Applicants for Quebec legal aid must provide proof that they don't have the financial resources to pay a lawyer. As well, the Quebec legal aid plan must cover the matter for which they require assistance; coverage differs among provinces. If these two conditions are met, applicants usually receive a Quebec legal aid certificate. They may then choose a lawyer - one who accepts Quebec legal aid certificates - to act on their behalf. The province pays the lawyer to represent the client, based on a set tariff.
Rather than assigning a lawyer to the client, legal aid certificates provide the benefit of allowing clients to select a lawyer of their choice to act for them.
Access Quebec Lawyers through Legal Aid Programs
Some provinces offer special Quebec legal aid services in addition to providing certificates. These community clinics and programs generally provide assistance to low-income people or special groups of people. They offer help in areas such as tenant rights, government pensions, immigration, and employment and human rights. Programs for special groups include services for aboriginals, seniors, and the disabled.
Lawyers and legal workers at community clinics and legal aid programs provide information and legal advice in their particular area of law, and some offer legal representation. Clinics may also offer services in the area of public service law, by engaging in test cases, and providing public legal education and community awareness.
Quebec Student Legal Aid Clinics
Quebec legal aid societies at many law schools across Canada offer assistance to people who can't afford a lawyer. Students, supervised by practising lawyers, provide representation to clients in areas such as minor criminal or traffic charges, small claims court matters, tenant issues, and workers compensation.

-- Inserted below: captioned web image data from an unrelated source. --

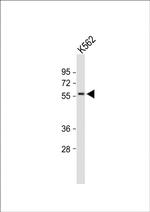MEIS2 Antibody in Western Blot (WB)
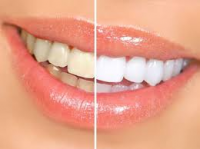 Kessler &amp; Resnick DDS - Aurora Cosmetic Dentist - Re
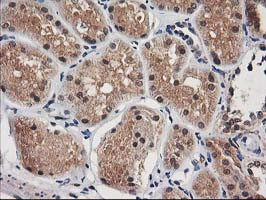 NUDT18 Antibody in Immunohistochemistry (Paraffin) (IHC (P))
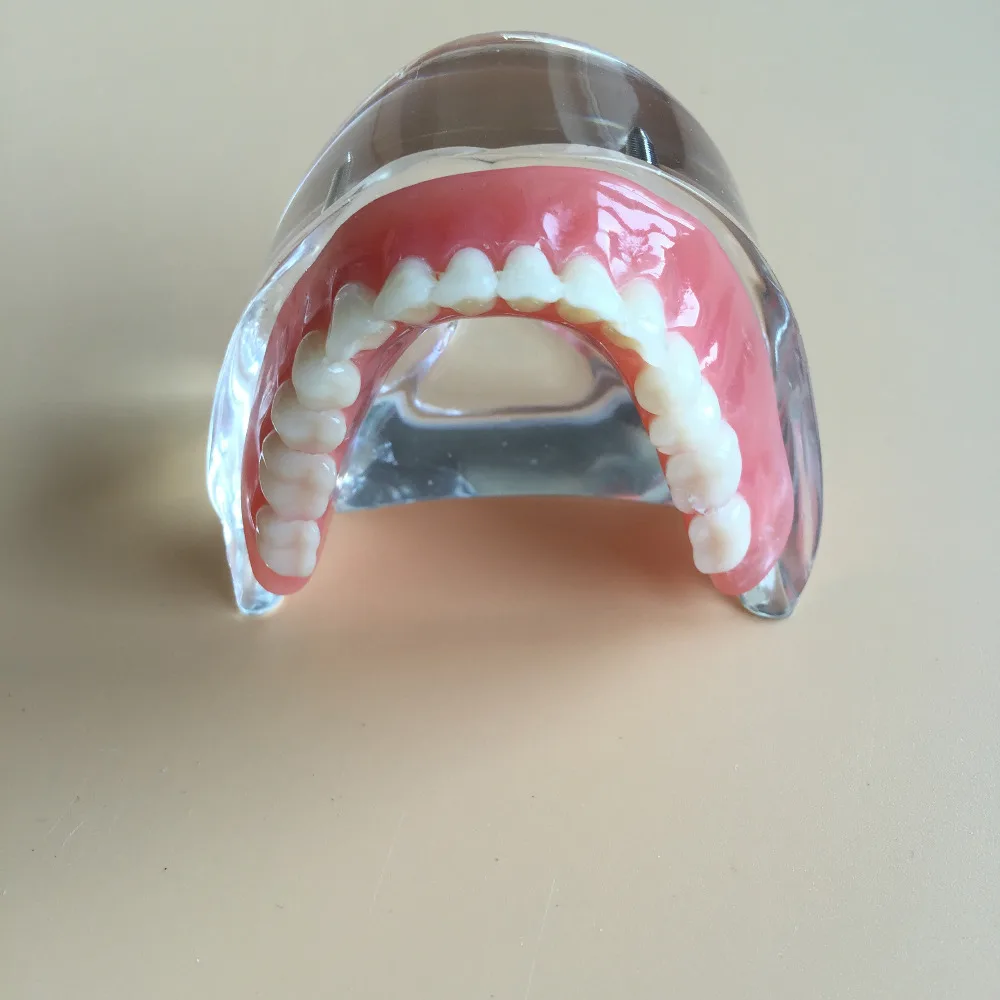 Модели зубных протезов. Съемный пластмассовый протез. Модель зубов. Съемный протез (3-5 зубов) термо джет. Съемный протез (6-14 зубов) термо джет.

Although students cannot represent people on major legal issues, they offer valuable legal assistance to people who otherwise could not retain a lawyer, and assist clients with issues that often have a significant impact on their lives.

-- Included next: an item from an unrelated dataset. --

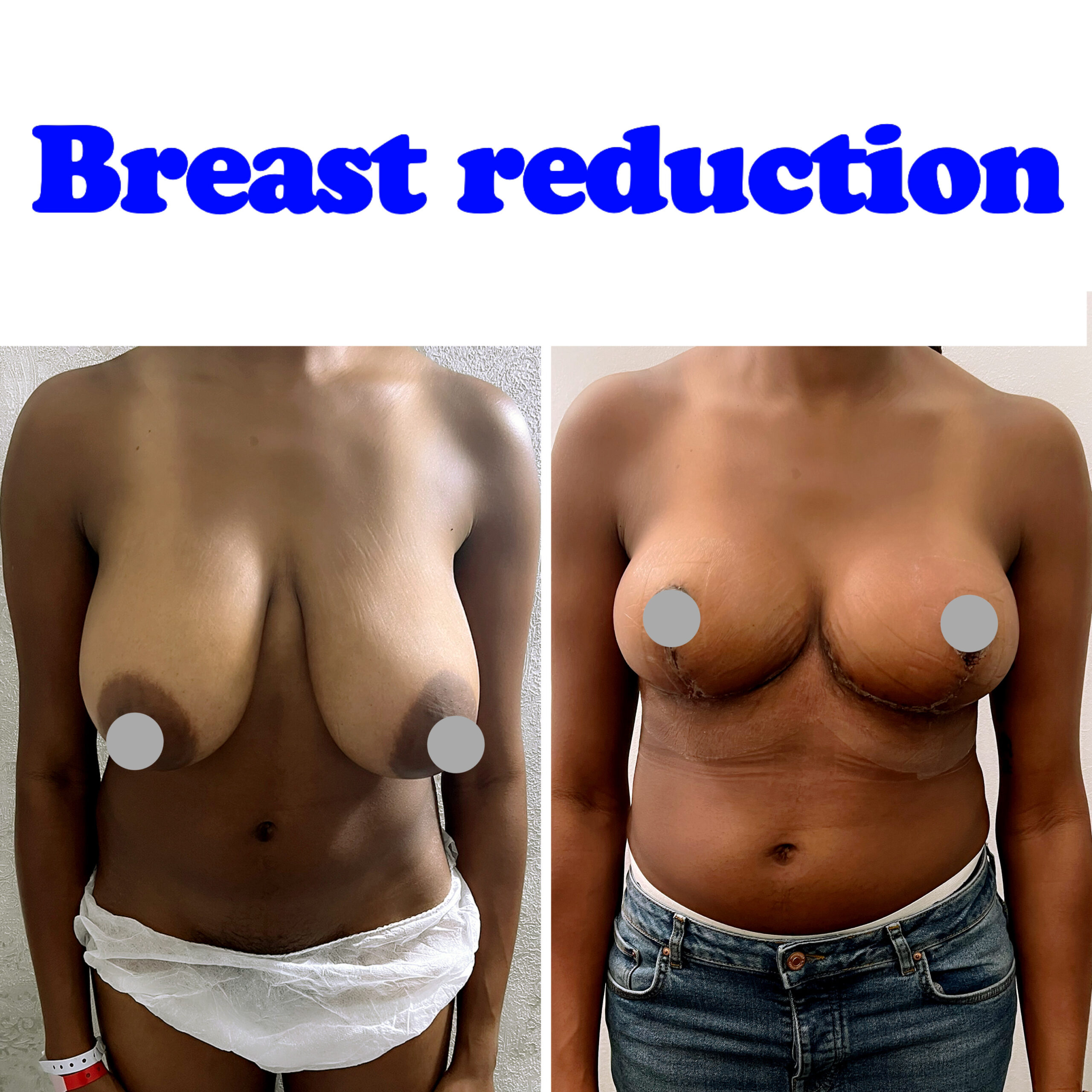 Breast reduction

People who cannot afford the services of a lawyer can apply for representation through legal aid. Legal aid operates under different authorities from province to province, generally run by either the government or the province's law society.

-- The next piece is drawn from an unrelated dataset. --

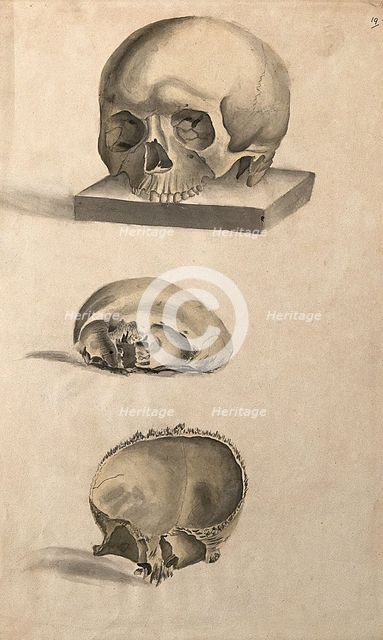 Human skull: three figures showing sections and an entire skull, 1830-1835. Creator: Unknown.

Applicants for Quebec legal aid must show legal aid officials that they don't have the financial resources to pay a lawyer. As well, the legal aid plan must cover the matter for which they require assistance, since coverage differs from province to province. If these two conditions are met, applicants generally receive a Quebec legal aid certificate. They may then choose a lawyer who accepts legal aid certificates to act on their behalf.
Legal aid societies at various law schools across Canada offer another option. These societies set up legal aid clinics run by law students and supervised by lawyers. The students act on behalf of those who cannot afford a lawyer
Natalie Fraser practised law in Whitby, Ontario for seventeen years and is now a freelance legal writer. She often writes for The Lawyers Weekly.